The movements in Italy together and crystallise the ALL the struggles going on in over and above local and particularities:

- not remaining isolated in corporatism,
- spreading the struggle,

- organising in mass meetings, and not letting unionism whether official or "hidden", "radical", or rank-and-file – stifle them with its sabotage and manoeuvres,

- taking up the general and political nature of the struggles: the whole working class is attacked, and the struggles must be united in one struggle against the different states.

We must get ready for the combats to come

The struggles to come will not be won in advance, automatically. The working class must prepare them and prepare itself for them. It has done and continues to do so through the struggle itself, through its own practice. In developing its experience, and drawing the lessons from it, by gaining confidence in its own strength, the whole working class is strengthening itself collectively and massively; it is doing so both during and after its struggles, "invisibly" or underground, as Karl Marx said of the “old mole”.

In this task, the most militant and class consious workers -- whether orqanised or not have a special part to play. Amongst them, the revolutionary groups are irreplaceable, and must live up to what the situation demands.

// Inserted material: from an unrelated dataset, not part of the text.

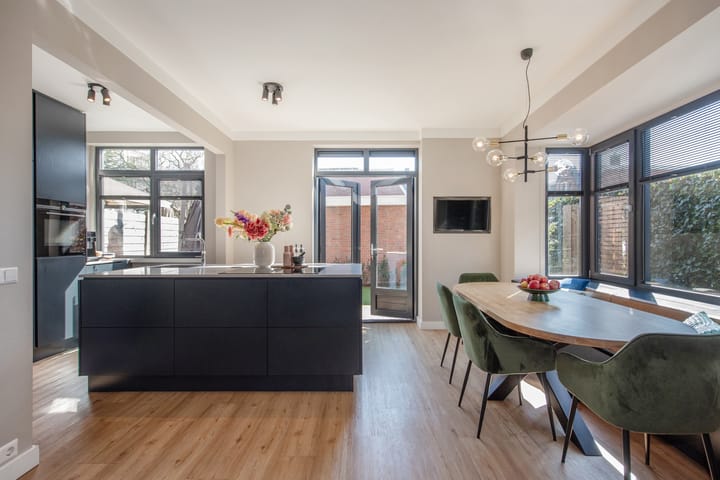 Foto 12 van Julianastraat 53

This means, first of all, recognising it: recognising the present international wave of struggles, and its significance. For communist groups, this recognition must ensure their political intervention on the ground, in the struggles. This intervention must be correct and effective both immediately and in the long term. For it to be so, revolutionaries must avoid falling into the traps laid by rank-and-file unionism, and above all they must not let themselves be imprisoned, as we have seen in recent years, in:

- the "fetishisation" of self-organisation through the coordinations and other centralising "national assemblies" set up by left unionists;
- corporatism and localism, even in the violently radical and extremist form purveyed by the CP's and the leftists.

Finally, revolutionaries must encourage and take part in workers regroupments, and in particular help in the formation of struggle committees. The most combative workers cannot wait for movements to begin before they start making contacts, in order to discuss and think together; in order to prepare themselves for future struggles so as to be able to agitate within them. And then, whatever the unionists' tricks and maneuvers, or even violent opposition, they must intervene and speak out in strikes, meetings, and street demonstrations to defend the needs of the struggle and draw the mass of workers with them.

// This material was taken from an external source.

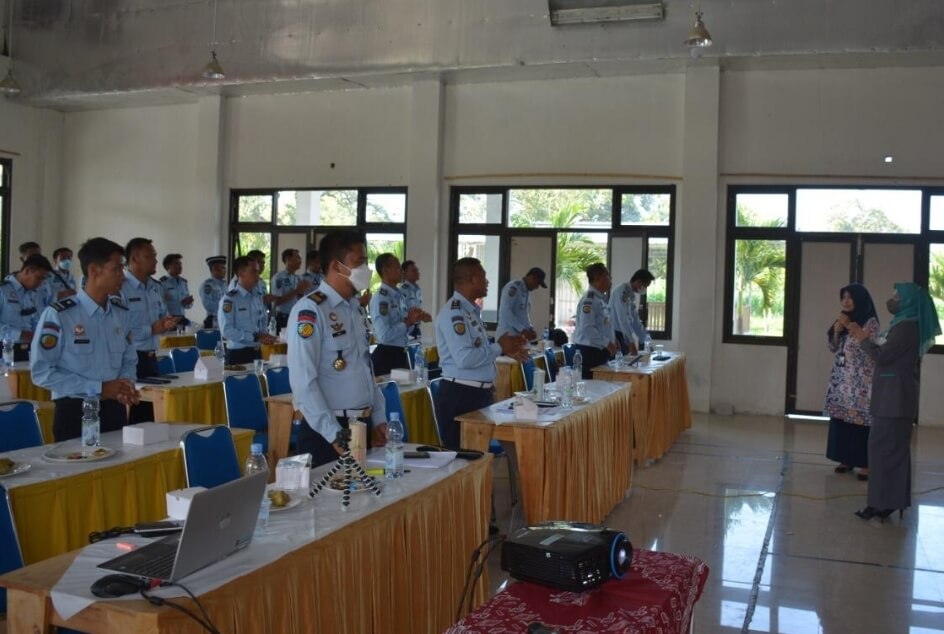 Petugas Lapas Terbuka Kendal Dilatih Delivering Service Excellence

The immediate defense of working class living conditions is at stake: and so is the future of humanity itself, seriously threatened as it is by capitalism's blind and suicidal absurdity. Only the international proletariat today can limit the spread of misery. Above all, only the proletariat can put an end to capitalist barbarity.

RL: 7/3/88



[1] For a more precise account of this movement, we refer our readers to our various territorial publications.